Using this technique, scientists were able to measure the elasticity of rat brain and spinal cord tissue before and after injury. And what they found was the opposite of what everyone thought. Instead of glial scars in the CNS being stiffer than the surrounding tissue, like scars elsewhere in the body, they are actually softer.
But just because glial scars aren’t building a physical wall doesn’t mean that they aren’t a problem. In the healthy central nervous system, information is carried over long distances by axons: the long, thin projections of neurons. When the CNS is injured, these axons are often damaged or completely severed, and they generally do not regrow. Axons interpret chemical signals in their environment that tell them to stop or to keep growing, and a lot of research has been focused on manipulating these signals to encourage axons to regrow after an injury.
However, a mounting body of new evidence shows that axons also find their route by actually feeling the topography of their environment, and they don’t like to grow over softer surfaces like glial scars. Scientists are not sure why that is yet, but it could be the key to new, effective treatments to encourage axon regrowth by manipulating both chemical cues and tissue stiffness to create an environment that axons like to grow through.
While scientists are hopeful that this new information will spur the development of new therapies, they might still be far in the future. In the meantime, we still have work to do on the accessibility front: our weekly trivia night takes place in one of the few accessible pubs in Montréal.

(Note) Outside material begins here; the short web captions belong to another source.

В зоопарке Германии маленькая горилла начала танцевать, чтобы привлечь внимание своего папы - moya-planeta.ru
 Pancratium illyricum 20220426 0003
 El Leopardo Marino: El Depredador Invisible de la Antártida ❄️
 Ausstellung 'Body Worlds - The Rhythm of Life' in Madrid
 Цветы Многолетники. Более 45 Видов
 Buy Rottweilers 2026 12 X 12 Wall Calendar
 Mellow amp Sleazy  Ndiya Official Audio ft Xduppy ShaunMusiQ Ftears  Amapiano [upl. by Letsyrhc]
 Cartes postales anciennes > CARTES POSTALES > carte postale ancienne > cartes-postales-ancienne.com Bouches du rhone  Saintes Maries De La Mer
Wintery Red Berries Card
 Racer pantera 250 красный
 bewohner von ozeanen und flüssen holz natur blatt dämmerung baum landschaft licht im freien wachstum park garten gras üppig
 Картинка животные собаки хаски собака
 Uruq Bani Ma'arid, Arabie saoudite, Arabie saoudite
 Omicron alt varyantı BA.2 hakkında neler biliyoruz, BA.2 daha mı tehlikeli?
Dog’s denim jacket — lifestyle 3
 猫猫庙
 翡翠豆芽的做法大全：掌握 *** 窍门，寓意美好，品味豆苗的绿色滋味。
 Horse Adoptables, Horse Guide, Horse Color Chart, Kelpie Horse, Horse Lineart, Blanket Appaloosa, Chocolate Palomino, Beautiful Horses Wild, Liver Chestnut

We asked other neuroscientists to respond with some commentary to this article. In a very small way, this is how peer-review works in scientific journals. We wanted to give you a taste of what scientific discussion looks like! If you want to know more, feel free to contact the scientists directly via Twitter.
Daniel Bear: This is a great illustration of how new technology can rejuvenate a longstanding debate. A lot of times in neuroscience, it feels like new microscopes are just used for their own sake (they are very cool). But here, using atomic force microscopy (AFM) may be the best way to test the hypothesis many people have been relying on, that gilal scars are actually “tougher” for axons to move through. If they aren’t, as suggested by AFM, then we need to be asking fundamentally different questions.
It’s also important, as we move from theories to therapies, to put actual numbers on things: how much force would an axon need to generate to move through a glial scar? If we knew, we would also know how far we need to go, rather than merely observing that we’re not there yet. Overall, this sounds like a great marriage of engineering and biology.
Benjamin Bell: I had never considered the likelihood that glial scars are not all that analogous to scars of the rest of the body, but it completely makes sense in hindsight. I am really curious about the Atomic Force Microscopy measure, since if the technique is sensitive enough to discern between glia and glial scar, would it also be able to discern between brain regions of varying density? Would something intensely cell-dense like the SCN have a different force vector than someplace like the cerebellum? And if that is the case, maybe we could predict brain regions with additional axonal regeneration properties just by measuring the stiffness in the immediately surrounding area.